Начинаю доить. Несколько замирает сердце — как-то получится? Почему-то сразу получается хорошо. Берусь за правый задний и левый передний сосок и последовательно пережимаю пальцы от указательного к мизинцу. Именно пережимаю, а не протягиваю сосок между большим и указательным пальцами, как доит Василий. Молоко в соске тепло и упруго перемещается в руке, и струйка со звоном брызжет в подойник. Корова стоит спокойно и глубоко вздыхает. Меняю соски. Работа идет споро, сказалась привычка к топору, укрепившая руки. Василий возражает против моего способа дойки, но меня поддерживает хозяин, который скоро уходит. Как я узнал впоследствии, способ протягивания соска здесь называют русской дойкой. К концу дойки руки начинают ныть. Надоили почти две полные канны, это не менее чем 80-90 литров. А еще сегодня предстоит вторая дойка. Правда, во вторую дойку молока меньше, но вести ее придется мне одному. Молоко оставляю снаружи у ворот хлева и бодро иду завтракать, помалкивая про боль в руках. Начинает рассветать.

Так пошел день за днем. Утром уборка скота и большая дойка. Днем поездка за дровами и сеном, пилка и колка дров, которых идет неимоверное количество. Кухня топится весь день. Едва успеваю подносить дрова, отруби, муку, картофель. Множество других работ: штукатурю отбитые места в кухне и [83] комнатах, белю печки, починяю крыльцо и т.д. Работы много, но вся она — нужная, целесообразная, что создает стимул и интерес к труду.

Затем обед. Меню всегда одно и то же: путра, отварной картофель, сало и молоко. Все это превосходное и без ограничений, не как у Бланкенбурга, где им самим еле-еле хватало. После обеда вторая уборка скотного двора и второе доение. В этих повседневных работах хозяин участия не принимает, вся работа лежит на мне. День заканчивается ужином часов в семь.

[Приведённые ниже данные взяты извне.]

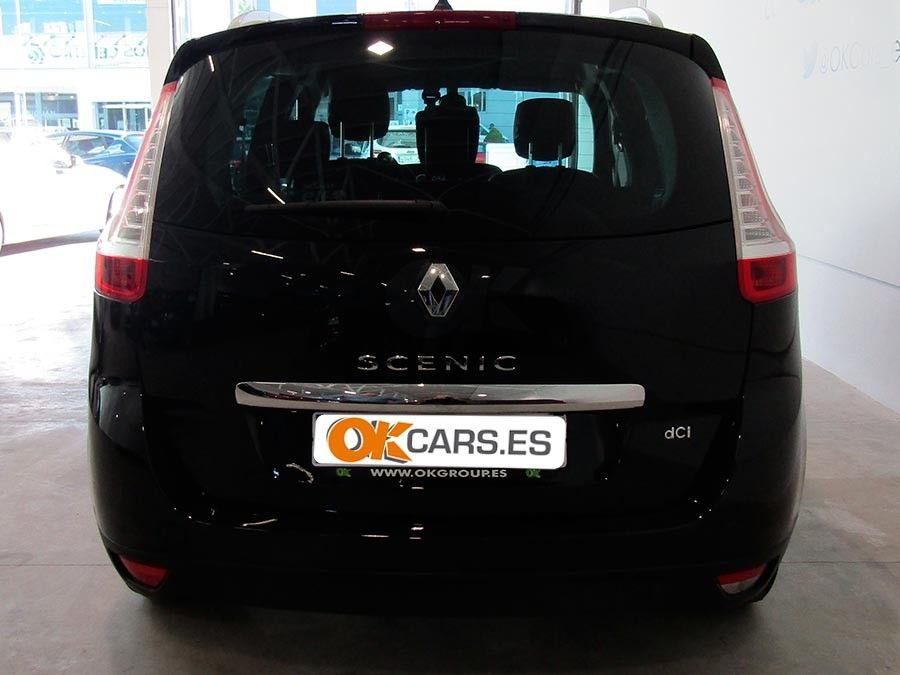 Renault Grand Scenic 1.5 DCI 110 Bose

Теперь наступает мое лучшее время. У себя в комнате, освещенной только пылающими в печке дровами, я один. По стенам полутемной комнаты бегут блики яркого пламени из открытой дверцы. Лежу на топчане и с удовольствием курю. Именно с удовольствием, а не с нервным тиком, как курят в городах. Табаку у Спире вдоволь — полон чердак. Сам он не курит, но табак выращивает. Курить, однако, удается лишь раза три — четыре в день.

Первое время все тело ноет, потом привыкаю. Полное блаженство. Иногда даже печку закрыть не успеваю — засыпаю, как мертвый. О чем я думаю в эти полчаса перед сном? Да ни о чем. О семье думается мало и редко. Вроде меня больше и на свете нет, а что было, то безвозвратно ушло и не вернется. О женщинах? Тоже нет. Работа, какое-то зависимое положение, длительное отсутствие всякого общества, кроме пленных солдат, немцев, латышей, как-то внедрили в сознание мысль, что больше ничего нет и не будет. А что было раньше, это как во сне или в тумане. Да и прежняя жизнь, если и вспоминается изредка, то тоже не больно весело.

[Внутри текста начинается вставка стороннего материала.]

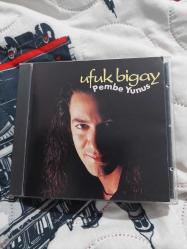 UFUK BİGAY PEMBE YUNUS CD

Я совсем не моюсь. Руки и лицо после бритья мою по-латышски — в тазу, а тело не мою. Латыши моются дома в корыте, а я — никак. И ничего, каких-либо запахов, какой-либо коросты на мне нет. Белье тоже не стираю, так как переодеться не во что. И ничего, не паршивею. Поэтому прежние представления, что если не мыться, то произойдет какая-то катастрофа, неверны. Недаром говорят: «Медведь не моется, а чистый». Впрочем, несколько своеобразное мытье до пояса у меня все же бывает. Одна молодая, эмоциональная и очень молочная корова по кличке Бруна — страшная лизунья. Вероятно, она скучает по отнятому теленку. Когда я сажусь доить Бруну, то снимаю гимнастерку. Корова сильно изгибается и вылизывает меня от пояса до головы: грудь, бока, спину, живот, плечи. Особенно любит вылизывать под мышками. Мое дело только подставлять ей то один, то другой бок. Сначала она обильно смачивает кожу слюной, затем растирает смоченные места языком и, наконец, вытирает досуха. Язык очень длинный, теплый и шершавый. Не остается ни одного участка непромытой кожи. После такого мытья тело становится очень чистым, розовым и немного горит. Вылизыванье заканчивается к моменту окончания дойки, так сказать, приятное с полезным.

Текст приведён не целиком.